We introduced Cloudera Impala more than a year ago. It was a good launch for us — it made our platform better in ways that mattered to our customers, and it’s allowed us to win business that was previously unavailable because earlier products simply couldn’t tackle interactive SQL workloads.
As a side effect, though, that launch ignited fierce competition among vendors for SQL market share in the Apache Hadoop ecosystem, with claims and counter-claims flying. Chest-beating on performance abounds (and we like our numbers pretty well), but I want to approach the matter from a different direction here.
I get asked all the time about Cloudera’s decision to develop Impala from the ground up as a new project, rather than improving the existing Apache Hive project. If there’s existing code, the thinking goes, surely it’s best to start there — right?
Well, no. We thought long and hard about it, and we concluded that the best thing to do was to create a new open source project, designed on different principles from Hive. Impala is that system. Our experiences over the last year increase our conviction on that strategy.
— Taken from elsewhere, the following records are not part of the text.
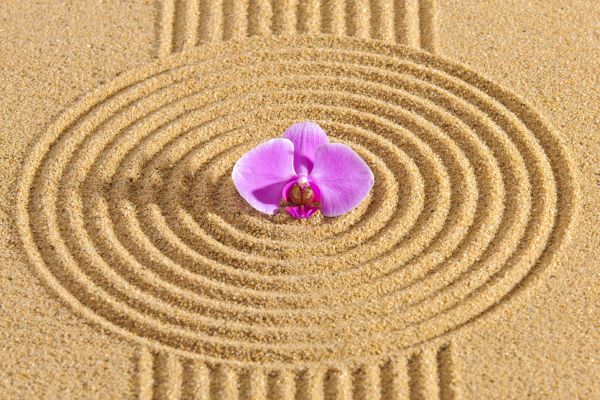 Sand Garden Landscaping in Cherry Hill
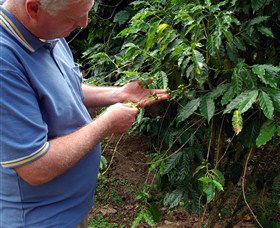 Wombah Coffee Plantation - SA Accommodation 0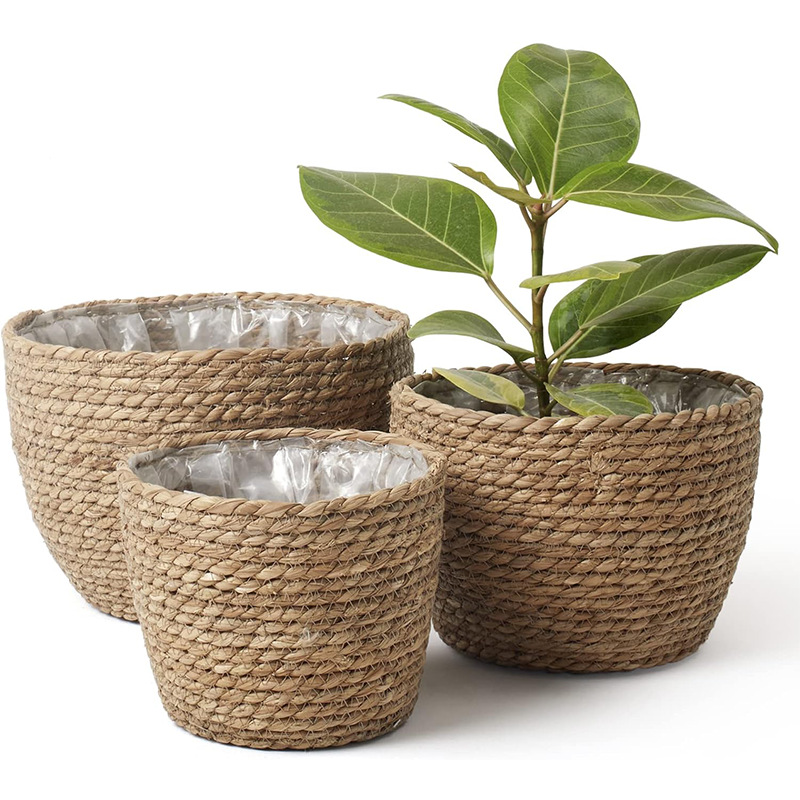 Natural Woven Flower Basket St - Aloe Vera Pot reseña y precio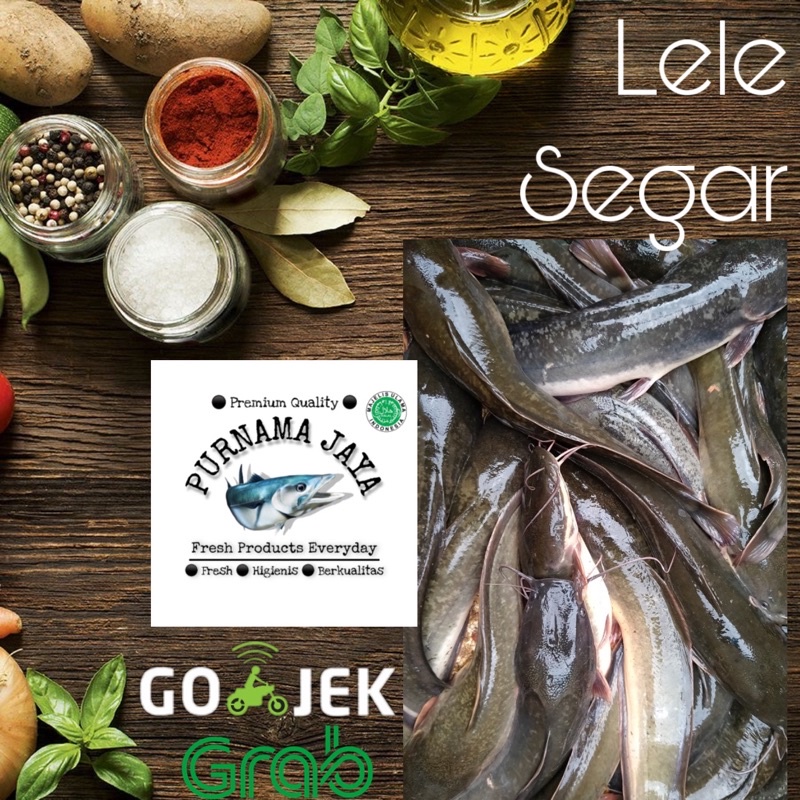 

lele hidup segar 1kg bandung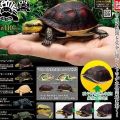 生物大图鉴 陆龟 4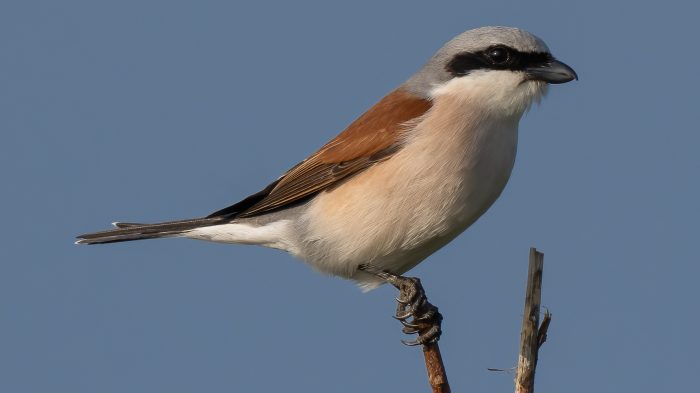 Red-Backed Shrike - The Hall of Einar - photograph (c) David Bailey (not the)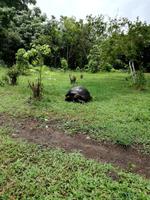 IMG_20180318_124614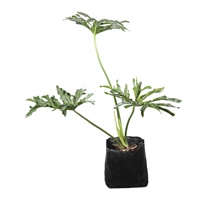 Planta Ornamental Philodendrum Mano De Tigre B.A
Let me walk you through our thinking.
Origins of Pig and Hive
The very earliest versions of Hadoop supported exactly one way of getting at data: MapReduce. The platform was used extensively at Yahoo! and Facebook to store, process and analyze huge amounts of data. Both companies found it tremendously valuable, but both spent a lot of time writing Java code to run under MapReduce to get useful work out of the system.
Both wanted to work faster and to let non-programmers get at their data directly. Yahoo! invented a language of its own, called Apache Pig, for that purpose. Facebook, likely thinking about using existing skills rather than training people with new ones, built the SQL system called Hive.
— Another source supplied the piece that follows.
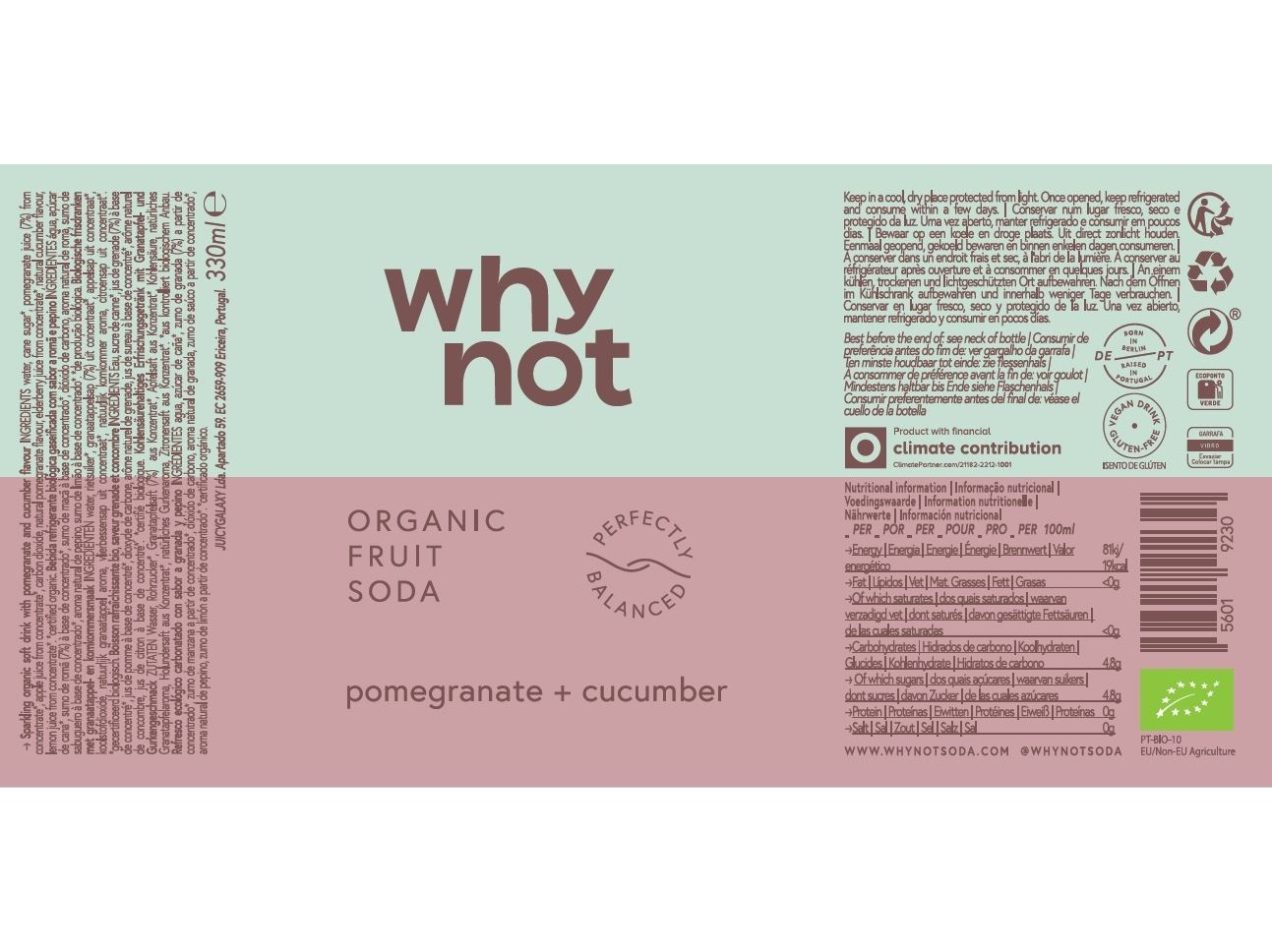 CRAFT SODA WHY NOT ROMÃ PEPINO 330 ML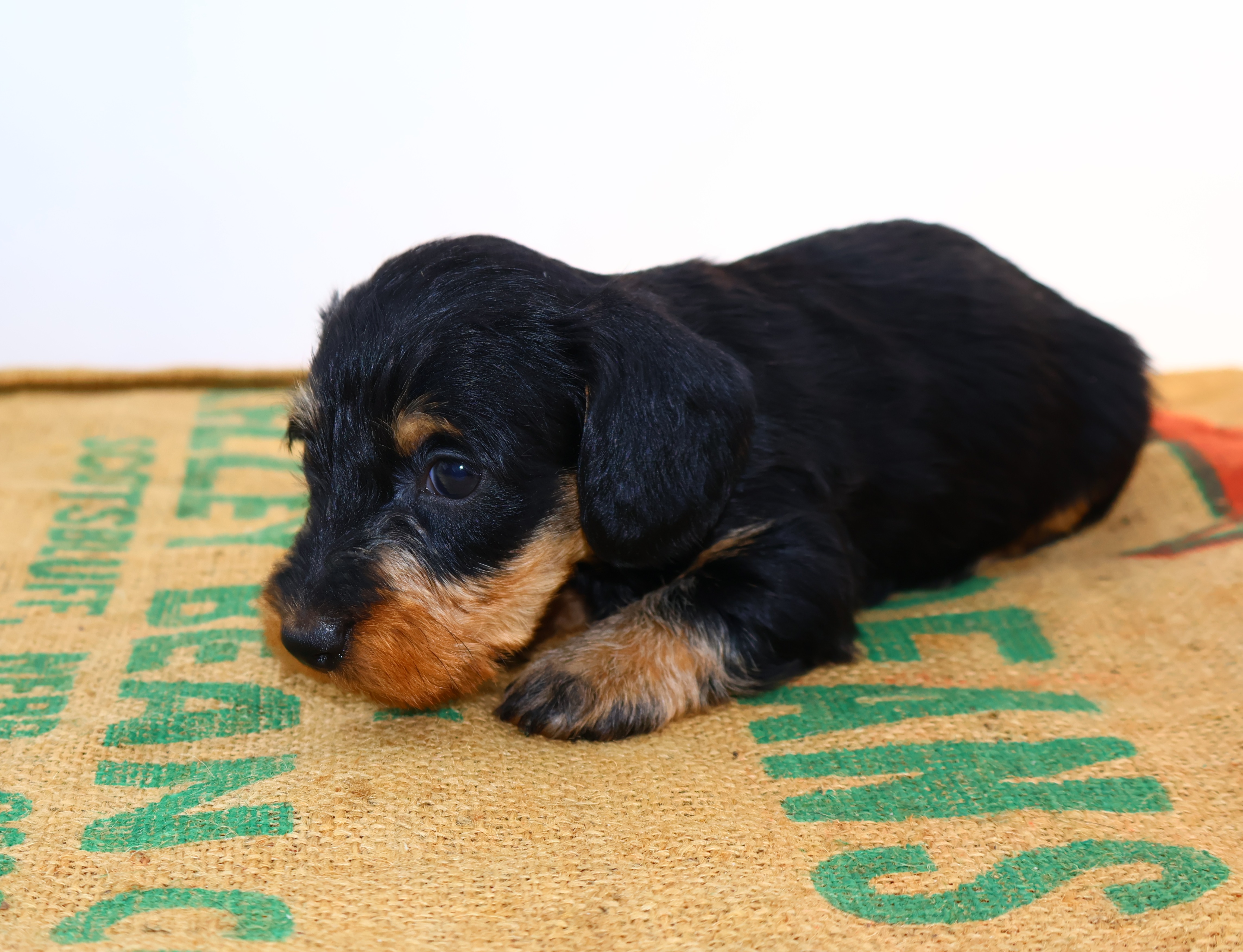 Added by user manually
The two work in a very similar way. A user types a query in either Pig or Hive. A parser reads the query, figures out what the user wants and runs a series of MapReduce jobs that do the work. By using MapReduce, Pig and Hive were simple to build, so that Yahoo!’s and Facebook’s engineers could spend their time on other new features.
Sins of the Past
A common criticism of Hadoop is that MapReduce is a batch data processing engine. It turns out to be a hugely useful batch data processing engine that’s drastically changed the data management industry, but it’s a fair criticism: By design, MapReduce is a heavyweight, high-latency execution framework. Jobs are slow to start and have all kinds of overhead.
Pig and Hive inherit those properties.
Early on, that didn’t matter. No one was pointing their BI tools at Hadoop for analytics and reporting. Yahoo! and Facebook wanted more users to get at their data directly. If those users had to sit for a while staring at their terminal screens while the work happened, it wasn’t that big a deal. Slow queries were better than no queries. Many of those early workloads were, in any case, about data transformation, not query or analytics. Batch was fine for that.
Tools that use ODBC and JDBC to talk to relational databases are available from lots of vendors. Making those tools work against Hadoop is a really big deal — the number of casual business users who can get at data that way is enormous.
We wrote and shipped the first widely-available ODBC driver for Hive in our early years. Big established vendors used it to connect their reporting tools to our platform. The experience of using those tools was excruciating. A user would construct a query and push a button, and would wait… and wait… and wait. Decades of experience had taught people to expect real-time responses from their databases. Hive, built on MapReduce, couldn’t deliver.
In fact, Hive’s performance meant that some of the vendor tools flat out didn’t work. They assumed that the database had crashed when answers didn’t come back promptly, and reported an error to the user.
That led to a lot of angry users.
We knew we had to make SQL a first-class citizen in the Hadoop ecosystem, so we sat down and began working through the alternatives.
There are decades of experience in the database industry in building scale-out distributed query processing engines. It’s an active area for academic and commercial research. Plenty of very good, very fast distributed SQL systems exist. None of them uses a MapReduce-style architecture.
We also looked to Google, which created the Hadoop architecture in the first place. Google had developed a new distributed query processing engine of its own, not based on MapReduce, to get SQL access to its big data.
We elected, after thinking through all the options, to do exactly the same thing. We were optimistic about its performance, so named it Impala.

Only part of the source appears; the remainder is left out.